Segment Start: Dataset content

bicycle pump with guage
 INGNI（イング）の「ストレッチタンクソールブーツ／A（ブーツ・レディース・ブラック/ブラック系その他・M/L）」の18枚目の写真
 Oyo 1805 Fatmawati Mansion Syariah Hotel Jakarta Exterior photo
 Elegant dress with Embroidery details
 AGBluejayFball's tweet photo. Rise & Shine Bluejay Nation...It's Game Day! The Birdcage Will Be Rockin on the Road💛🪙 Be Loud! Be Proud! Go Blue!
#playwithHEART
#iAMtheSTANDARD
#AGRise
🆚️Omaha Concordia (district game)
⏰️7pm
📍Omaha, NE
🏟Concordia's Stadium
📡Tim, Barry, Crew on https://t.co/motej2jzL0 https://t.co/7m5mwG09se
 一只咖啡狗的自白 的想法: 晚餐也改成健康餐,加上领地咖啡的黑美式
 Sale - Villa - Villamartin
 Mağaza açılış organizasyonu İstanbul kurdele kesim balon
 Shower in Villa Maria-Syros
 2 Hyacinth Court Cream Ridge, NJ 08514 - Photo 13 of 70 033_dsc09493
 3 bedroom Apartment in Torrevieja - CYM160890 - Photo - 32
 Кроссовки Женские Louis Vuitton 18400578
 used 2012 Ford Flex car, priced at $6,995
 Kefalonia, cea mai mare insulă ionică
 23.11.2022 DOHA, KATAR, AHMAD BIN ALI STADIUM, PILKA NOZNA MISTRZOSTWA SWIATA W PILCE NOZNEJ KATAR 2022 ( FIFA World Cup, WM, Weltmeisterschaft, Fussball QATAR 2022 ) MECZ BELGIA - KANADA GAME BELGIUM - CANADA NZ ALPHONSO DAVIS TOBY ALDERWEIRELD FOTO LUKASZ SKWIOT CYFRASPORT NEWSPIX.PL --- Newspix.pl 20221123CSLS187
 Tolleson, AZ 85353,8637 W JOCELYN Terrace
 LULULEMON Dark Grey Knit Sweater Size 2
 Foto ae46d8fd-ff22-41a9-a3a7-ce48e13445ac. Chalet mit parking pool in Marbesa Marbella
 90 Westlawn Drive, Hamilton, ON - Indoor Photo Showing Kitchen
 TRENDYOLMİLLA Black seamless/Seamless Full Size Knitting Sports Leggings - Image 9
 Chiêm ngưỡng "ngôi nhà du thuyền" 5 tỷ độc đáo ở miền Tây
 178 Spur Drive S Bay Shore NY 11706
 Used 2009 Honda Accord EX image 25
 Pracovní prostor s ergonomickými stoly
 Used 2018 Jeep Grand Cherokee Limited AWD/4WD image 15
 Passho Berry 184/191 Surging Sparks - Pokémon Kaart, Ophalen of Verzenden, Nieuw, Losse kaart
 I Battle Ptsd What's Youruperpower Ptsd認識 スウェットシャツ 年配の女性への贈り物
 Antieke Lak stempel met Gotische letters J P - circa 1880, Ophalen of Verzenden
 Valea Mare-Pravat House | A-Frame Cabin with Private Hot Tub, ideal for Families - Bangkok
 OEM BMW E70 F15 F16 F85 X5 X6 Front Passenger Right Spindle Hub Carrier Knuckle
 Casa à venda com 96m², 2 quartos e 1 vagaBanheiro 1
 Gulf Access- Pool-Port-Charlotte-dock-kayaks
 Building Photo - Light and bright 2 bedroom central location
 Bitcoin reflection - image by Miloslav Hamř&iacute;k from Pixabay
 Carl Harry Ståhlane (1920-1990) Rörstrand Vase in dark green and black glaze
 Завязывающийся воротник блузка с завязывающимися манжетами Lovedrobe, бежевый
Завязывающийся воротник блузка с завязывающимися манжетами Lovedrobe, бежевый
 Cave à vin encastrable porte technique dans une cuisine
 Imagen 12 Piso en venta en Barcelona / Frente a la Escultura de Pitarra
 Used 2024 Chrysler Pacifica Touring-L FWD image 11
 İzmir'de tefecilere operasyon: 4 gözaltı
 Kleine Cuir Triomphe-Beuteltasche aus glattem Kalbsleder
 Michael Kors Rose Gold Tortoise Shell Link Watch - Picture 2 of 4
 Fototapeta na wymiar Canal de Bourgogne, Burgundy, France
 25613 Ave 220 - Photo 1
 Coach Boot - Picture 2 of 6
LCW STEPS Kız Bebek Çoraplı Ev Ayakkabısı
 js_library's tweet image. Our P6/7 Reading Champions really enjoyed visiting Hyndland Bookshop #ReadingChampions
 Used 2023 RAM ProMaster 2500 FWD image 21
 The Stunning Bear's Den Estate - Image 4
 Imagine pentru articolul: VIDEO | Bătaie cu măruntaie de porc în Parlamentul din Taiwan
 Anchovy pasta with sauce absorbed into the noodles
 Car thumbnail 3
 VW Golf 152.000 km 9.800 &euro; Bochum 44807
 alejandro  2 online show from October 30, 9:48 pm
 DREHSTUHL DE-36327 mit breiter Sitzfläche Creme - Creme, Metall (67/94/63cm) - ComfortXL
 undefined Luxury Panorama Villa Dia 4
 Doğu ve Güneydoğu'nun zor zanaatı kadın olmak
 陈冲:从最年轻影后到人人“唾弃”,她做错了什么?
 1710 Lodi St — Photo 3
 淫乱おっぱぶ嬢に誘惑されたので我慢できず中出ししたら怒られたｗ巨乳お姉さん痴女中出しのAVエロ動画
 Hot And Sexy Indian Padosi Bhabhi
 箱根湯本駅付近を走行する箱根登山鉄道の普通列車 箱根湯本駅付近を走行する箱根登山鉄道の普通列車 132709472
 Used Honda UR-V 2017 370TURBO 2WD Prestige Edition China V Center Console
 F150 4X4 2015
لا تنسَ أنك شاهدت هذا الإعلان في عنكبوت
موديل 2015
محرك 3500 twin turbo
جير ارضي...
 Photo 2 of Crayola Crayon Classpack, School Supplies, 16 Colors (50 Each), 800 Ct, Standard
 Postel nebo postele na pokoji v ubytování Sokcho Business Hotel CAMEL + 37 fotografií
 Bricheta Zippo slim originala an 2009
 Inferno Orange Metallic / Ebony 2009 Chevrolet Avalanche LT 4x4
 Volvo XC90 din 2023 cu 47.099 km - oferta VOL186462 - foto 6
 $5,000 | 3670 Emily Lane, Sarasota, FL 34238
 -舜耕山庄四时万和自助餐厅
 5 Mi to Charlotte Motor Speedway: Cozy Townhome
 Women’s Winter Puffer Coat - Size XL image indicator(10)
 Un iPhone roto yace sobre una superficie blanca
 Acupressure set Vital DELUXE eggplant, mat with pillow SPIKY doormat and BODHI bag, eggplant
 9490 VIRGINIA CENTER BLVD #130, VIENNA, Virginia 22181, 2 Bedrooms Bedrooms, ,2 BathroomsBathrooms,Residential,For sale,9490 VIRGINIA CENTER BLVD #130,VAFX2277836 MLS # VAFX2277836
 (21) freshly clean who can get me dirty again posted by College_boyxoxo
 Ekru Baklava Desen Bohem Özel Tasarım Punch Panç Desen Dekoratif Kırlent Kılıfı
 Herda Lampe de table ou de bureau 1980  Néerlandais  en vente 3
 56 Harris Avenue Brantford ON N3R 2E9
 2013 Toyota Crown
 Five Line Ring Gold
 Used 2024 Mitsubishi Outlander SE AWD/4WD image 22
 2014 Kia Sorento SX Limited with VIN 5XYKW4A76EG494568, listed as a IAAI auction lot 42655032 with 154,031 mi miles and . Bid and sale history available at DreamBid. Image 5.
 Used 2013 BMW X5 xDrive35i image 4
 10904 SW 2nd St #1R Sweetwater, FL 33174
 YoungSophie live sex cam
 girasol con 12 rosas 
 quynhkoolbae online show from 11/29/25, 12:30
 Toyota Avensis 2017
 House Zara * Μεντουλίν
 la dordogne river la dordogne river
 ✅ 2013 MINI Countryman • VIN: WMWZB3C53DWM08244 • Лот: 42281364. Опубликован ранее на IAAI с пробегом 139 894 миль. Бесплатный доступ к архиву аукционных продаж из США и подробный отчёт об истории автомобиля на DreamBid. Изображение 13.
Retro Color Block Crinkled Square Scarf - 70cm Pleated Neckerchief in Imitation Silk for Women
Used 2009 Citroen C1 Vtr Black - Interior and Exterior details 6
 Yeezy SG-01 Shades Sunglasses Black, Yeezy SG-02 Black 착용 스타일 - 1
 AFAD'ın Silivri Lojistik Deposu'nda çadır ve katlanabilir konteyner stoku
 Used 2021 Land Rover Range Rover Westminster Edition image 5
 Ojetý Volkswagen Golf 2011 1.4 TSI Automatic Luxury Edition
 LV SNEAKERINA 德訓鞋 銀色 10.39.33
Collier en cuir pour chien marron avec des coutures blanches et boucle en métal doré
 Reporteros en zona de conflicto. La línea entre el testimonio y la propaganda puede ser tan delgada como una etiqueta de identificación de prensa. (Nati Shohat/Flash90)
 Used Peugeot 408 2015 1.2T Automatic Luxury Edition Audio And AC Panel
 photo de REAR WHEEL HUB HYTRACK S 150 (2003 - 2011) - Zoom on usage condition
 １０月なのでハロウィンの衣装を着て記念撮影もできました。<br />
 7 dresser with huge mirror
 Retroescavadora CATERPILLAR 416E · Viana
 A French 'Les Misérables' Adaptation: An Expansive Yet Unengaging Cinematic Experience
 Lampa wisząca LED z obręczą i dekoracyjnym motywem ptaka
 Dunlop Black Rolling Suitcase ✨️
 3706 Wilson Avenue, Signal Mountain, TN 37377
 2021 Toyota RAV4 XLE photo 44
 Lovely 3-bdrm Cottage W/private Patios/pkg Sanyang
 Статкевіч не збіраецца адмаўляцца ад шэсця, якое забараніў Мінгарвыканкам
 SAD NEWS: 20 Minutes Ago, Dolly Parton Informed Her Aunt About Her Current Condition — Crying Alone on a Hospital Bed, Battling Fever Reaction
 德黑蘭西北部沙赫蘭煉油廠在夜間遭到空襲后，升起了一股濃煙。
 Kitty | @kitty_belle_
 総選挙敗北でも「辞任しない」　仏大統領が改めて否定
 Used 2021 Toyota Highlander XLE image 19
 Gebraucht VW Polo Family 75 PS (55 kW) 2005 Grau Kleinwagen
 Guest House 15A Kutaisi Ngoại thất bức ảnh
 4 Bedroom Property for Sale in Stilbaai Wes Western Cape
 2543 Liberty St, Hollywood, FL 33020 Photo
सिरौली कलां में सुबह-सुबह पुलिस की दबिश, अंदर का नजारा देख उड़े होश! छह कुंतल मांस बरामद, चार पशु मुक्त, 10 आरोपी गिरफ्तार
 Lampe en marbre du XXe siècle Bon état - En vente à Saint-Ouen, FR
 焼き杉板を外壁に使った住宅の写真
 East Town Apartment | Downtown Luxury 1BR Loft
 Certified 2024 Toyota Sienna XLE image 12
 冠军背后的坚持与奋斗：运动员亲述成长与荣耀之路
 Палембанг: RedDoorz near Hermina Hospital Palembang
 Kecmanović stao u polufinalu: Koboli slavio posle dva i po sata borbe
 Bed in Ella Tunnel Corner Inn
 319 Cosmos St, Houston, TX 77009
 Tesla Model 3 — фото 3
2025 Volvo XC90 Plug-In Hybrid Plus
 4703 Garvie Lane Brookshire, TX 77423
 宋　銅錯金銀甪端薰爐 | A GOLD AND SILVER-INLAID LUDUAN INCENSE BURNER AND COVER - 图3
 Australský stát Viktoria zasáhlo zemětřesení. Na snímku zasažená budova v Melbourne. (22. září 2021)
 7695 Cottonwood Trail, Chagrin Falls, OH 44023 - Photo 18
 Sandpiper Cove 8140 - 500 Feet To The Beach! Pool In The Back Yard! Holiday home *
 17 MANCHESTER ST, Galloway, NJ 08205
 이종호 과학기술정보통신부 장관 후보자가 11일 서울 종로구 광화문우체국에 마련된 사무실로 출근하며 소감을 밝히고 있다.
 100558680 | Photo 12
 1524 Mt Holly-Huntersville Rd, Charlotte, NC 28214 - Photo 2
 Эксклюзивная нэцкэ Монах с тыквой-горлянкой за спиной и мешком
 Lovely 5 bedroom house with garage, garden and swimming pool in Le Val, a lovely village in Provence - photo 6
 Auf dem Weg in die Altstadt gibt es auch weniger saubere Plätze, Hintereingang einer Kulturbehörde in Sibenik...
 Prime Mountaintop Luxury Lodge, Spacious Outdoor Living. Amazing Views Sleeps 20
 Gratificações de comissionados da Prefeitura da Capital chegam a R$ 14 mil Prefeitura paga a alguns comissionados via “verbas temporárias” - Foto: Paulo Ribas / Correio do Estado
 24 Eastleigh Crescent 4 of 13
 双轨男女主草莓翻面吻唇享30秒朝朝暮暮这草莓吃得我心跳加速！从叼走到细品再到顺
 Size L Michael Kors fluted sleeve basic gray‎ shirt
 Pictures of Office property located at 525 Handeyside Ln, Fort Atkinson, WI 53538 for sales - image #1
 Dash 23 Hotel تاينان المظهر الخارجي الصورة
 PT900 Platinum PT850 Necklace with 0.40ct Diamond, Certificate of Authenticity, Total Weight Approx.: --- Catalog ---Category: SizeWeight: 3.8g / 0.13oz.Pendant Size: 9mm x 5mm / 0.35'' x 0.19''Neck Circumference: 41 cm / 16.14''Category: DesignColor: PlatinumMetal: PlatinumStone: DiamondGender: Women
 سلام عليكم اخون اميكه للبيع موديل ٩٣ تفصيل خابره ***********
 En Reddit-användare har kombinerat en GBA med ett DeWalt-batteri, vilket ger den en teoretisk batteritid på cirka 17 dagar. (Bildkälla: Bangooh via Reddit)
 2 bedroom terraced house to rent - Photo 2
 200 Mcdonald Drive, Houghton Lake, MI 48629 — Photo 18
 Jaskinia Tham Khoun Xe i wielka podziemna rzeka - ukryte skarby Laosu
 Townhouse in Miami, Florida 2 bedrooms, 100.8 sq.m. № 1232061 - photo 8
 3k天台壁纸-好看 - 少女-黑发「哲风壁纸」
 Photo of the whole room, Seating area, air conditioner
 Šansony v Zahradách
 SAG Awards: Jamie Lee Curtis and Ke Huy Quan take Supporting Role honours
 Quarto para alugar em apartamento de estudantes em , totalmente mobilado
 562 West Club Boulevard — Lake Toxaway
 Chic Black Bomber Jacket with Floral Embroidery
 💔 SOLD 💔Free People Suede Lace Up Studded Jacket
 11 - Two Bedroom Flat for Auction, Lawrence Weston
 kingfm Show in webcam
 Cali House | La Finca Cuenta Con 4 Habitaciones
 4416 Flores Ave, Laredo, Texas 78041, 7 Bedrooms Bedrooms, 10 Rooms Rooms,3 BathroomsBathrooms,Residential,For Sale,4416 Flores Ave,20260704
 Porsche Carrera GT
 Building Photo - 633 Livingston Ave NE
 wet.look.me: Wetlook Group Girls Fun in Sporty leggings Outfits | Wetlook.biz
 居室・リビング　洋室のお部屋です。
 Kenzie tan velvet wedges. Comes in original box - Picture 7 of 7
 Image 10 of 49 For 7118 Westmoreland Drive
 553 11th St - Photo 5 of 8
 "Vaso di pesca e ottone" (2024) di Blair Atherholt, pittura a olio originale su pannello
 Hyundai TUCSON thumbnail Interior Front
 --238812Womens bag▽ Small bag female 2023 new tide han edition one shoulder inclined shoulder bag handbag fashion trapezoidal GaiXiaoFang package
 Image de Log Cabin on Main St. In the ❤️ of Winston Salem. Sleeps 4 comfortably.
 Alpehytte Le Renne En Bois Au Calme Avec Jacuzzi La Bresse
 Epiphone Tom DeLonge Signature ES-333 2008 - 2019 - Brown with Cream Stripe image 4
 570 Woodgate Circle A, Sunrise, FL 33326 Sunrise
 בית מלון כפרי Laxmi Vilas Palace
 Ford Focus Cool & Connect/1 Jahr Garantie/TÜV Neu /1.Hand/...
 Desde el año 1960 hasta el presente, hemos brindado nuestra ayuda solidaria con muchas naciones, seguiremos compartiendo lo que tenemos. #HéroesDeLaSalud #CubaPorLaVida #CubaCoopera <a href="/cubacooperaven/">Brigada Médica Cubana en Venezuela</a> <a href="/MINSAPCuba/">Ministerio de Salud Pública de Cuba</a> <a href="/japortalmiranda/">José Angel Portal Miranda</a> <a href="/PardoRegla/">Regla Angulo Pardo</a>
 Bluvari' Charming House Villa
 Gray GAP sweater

Segment End: Dataset content

What you are asked to do:
Collect each line of the entries that has the word "from", copying it in full.

Solution to the problem:
 Bitcoin reflection - image by Miloslav Hamř&iacute;k from Pixabay
 alejandro  2 online show from October 30, 9:48 pm
 quynhkoolbae online show from 11/29/25, 12:30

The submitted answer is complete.